WORK INSTRUCTION
Using the data below, print exactly the line with "Nike-Club-Fleece-Terry-Flow-Shorts-White-Black", the line with "HEIDI DAUS Mystical", and every line between them, but none of the pictures.
....
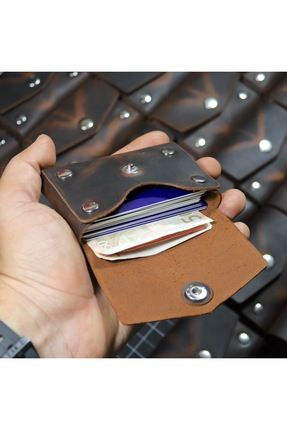 El Yapımı Minimal Kartlık Cüzdan Dikişsiz Çıtçıtlı Model Leather Wallet Rivet Olmeca Taba Renk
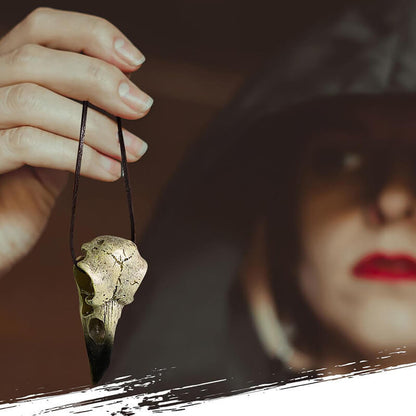 Crow Skull Hairpin and Necklace Set – Halloween Gothic Accessories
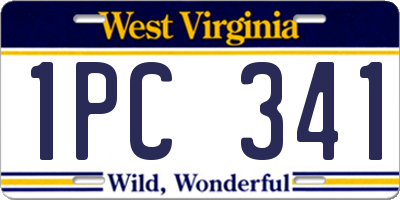WV license plate 1PC341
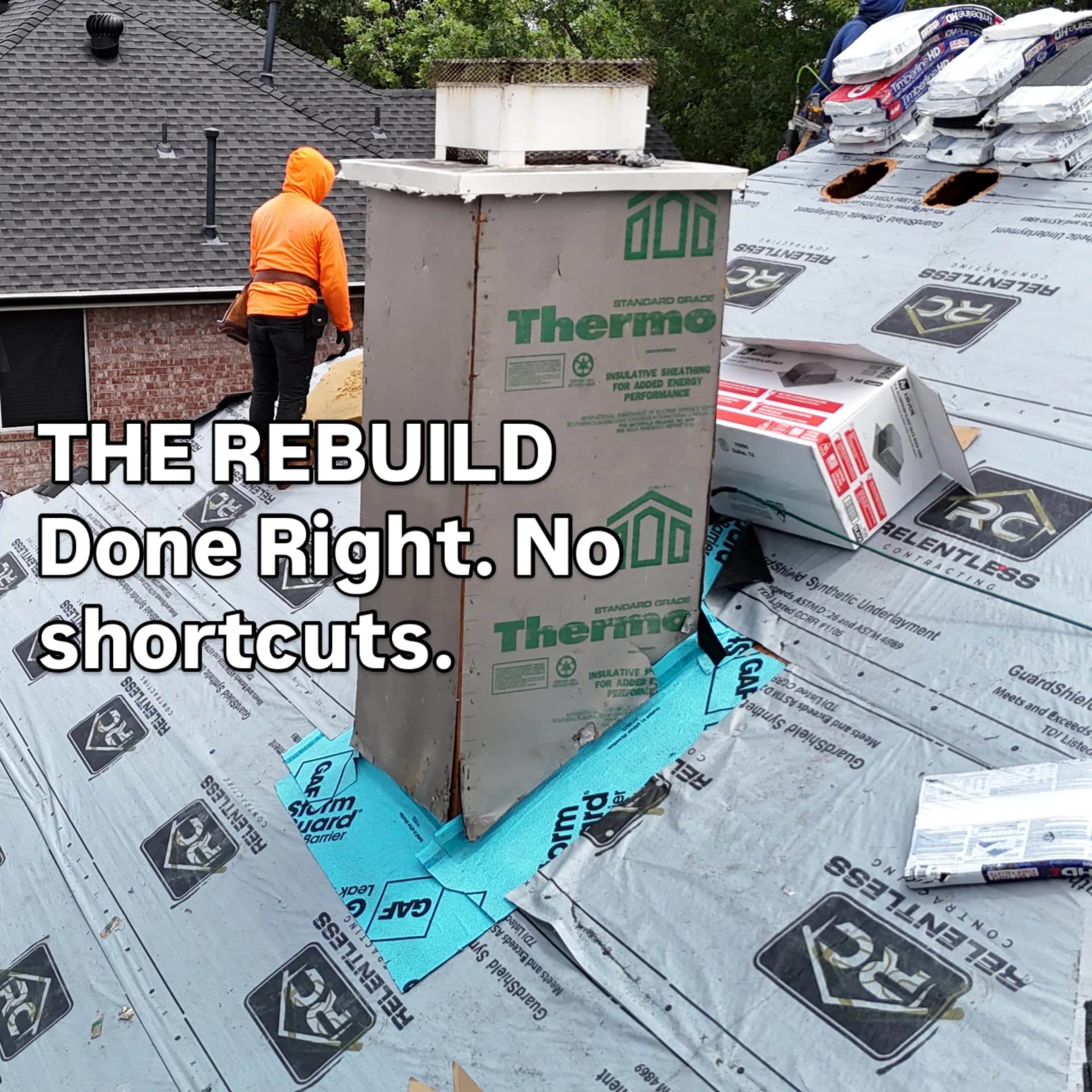 Gallery photos for Roof Replacement and Chimney Rebuild Done Right in Frisco TX: Image #1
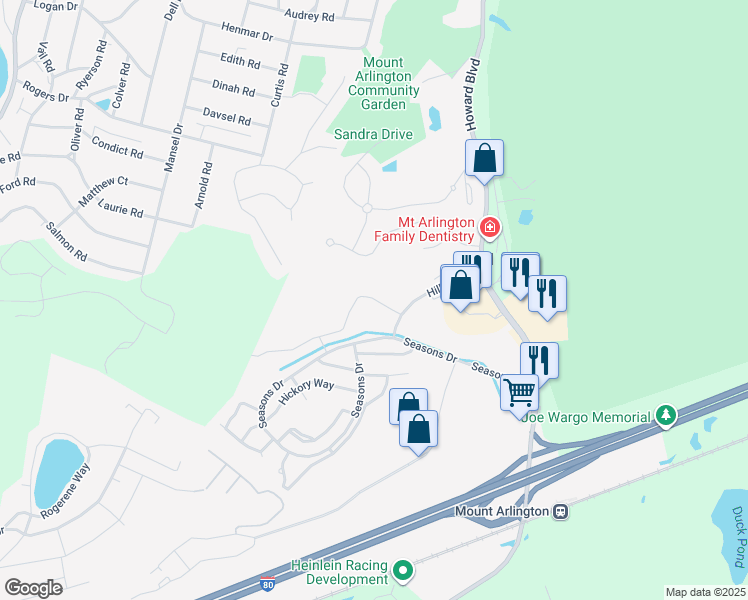 map of restaurants, bars, coffee shops, grocery stores, and more near 34 Brookside Lane in Mount Arlington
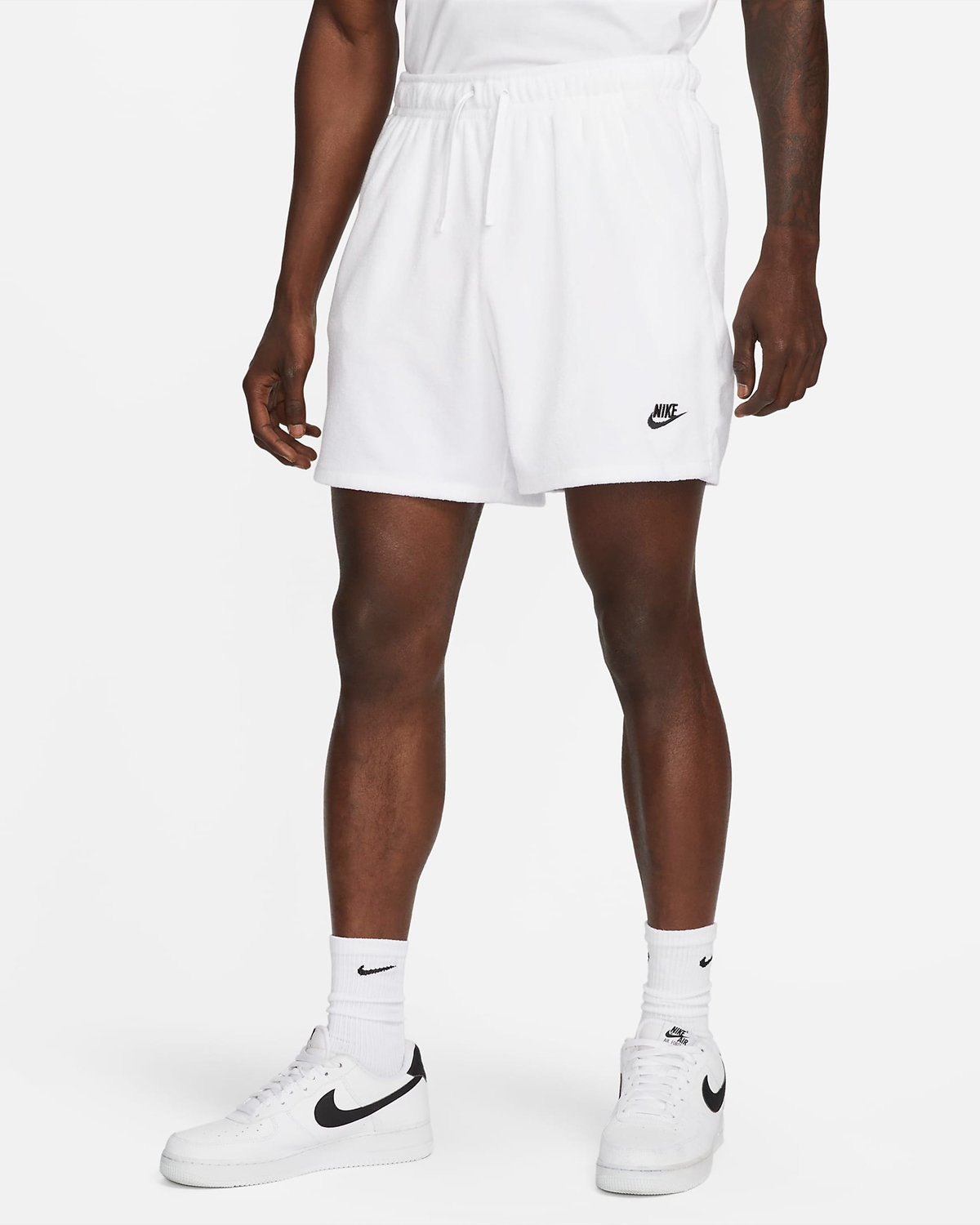 Nike-Club-Fleece-Terry-Flow-Shorts-White-Black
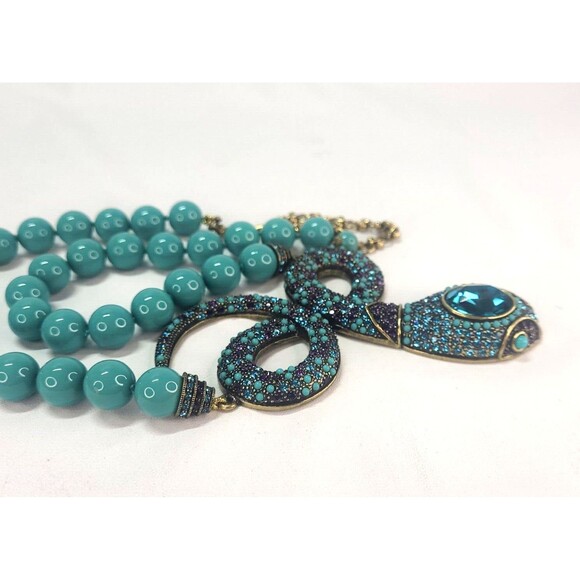 HEIDI DAUS Mystical Snake Swarovski Crystal Necklace 25" Egyptian Revival Swifty - Picture 6 of 12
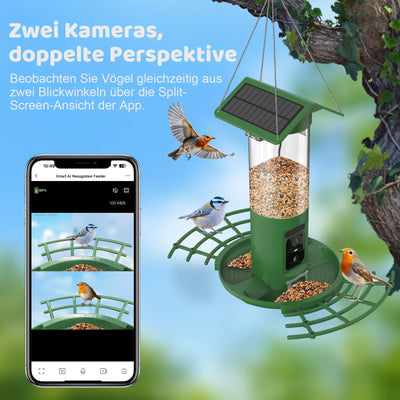 Vogelfutterstation DualCam von Sanilu - Zwei Kameras - Doppelte Perspektive - Aufschrift: Zwei Kameras, doppelte Perspektive
Beobachten Sie Vögel gleichzeitig aus zwei Blickwinkeln über die Split-Screen-Ansicht der App.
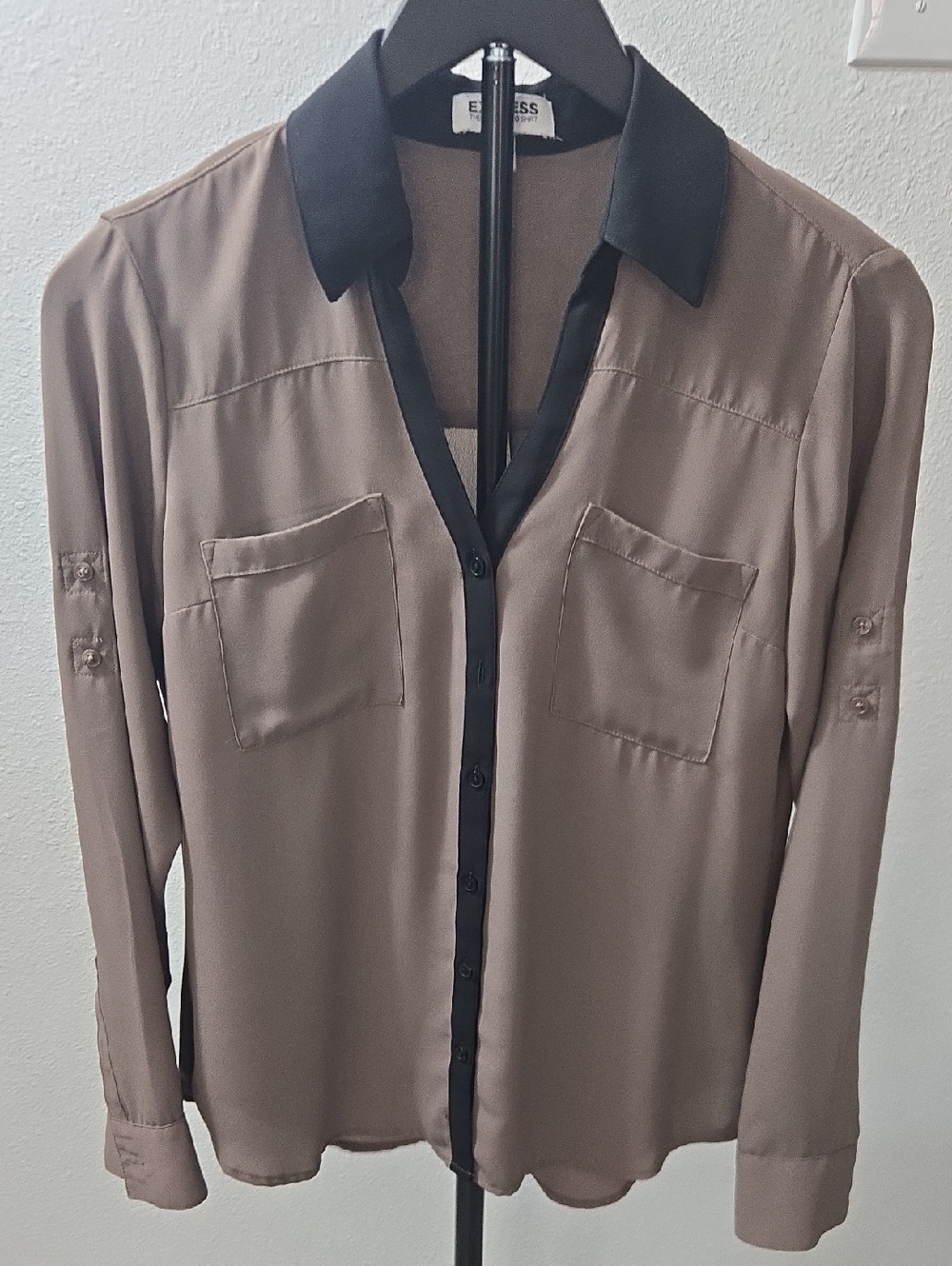 Express Taupe Shirt Jacket with Black Trim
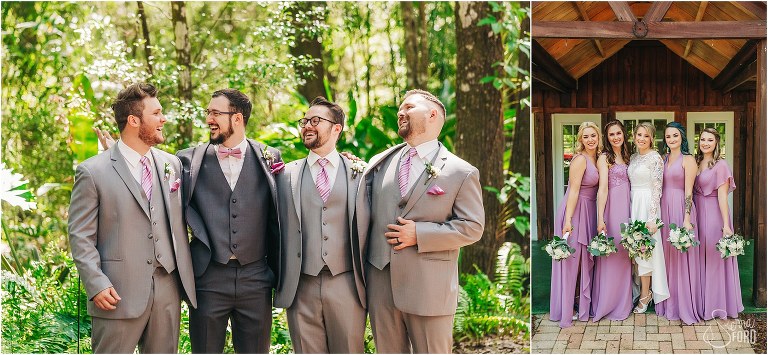 lerft, groom laughs with groomsmen before Bridle Oaks wedding, right, bride smiles with bridesmaids in lilac dresses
....
OUTPUT OF THE TASK
 Nike-Club-Fleece-Terry-Flow-Shorts-White-Black
 HEIDI DAUS Mystical Snake Swarovski Crystal Necklace 25" Egyptian Revival Swifty - Picture 6 of 12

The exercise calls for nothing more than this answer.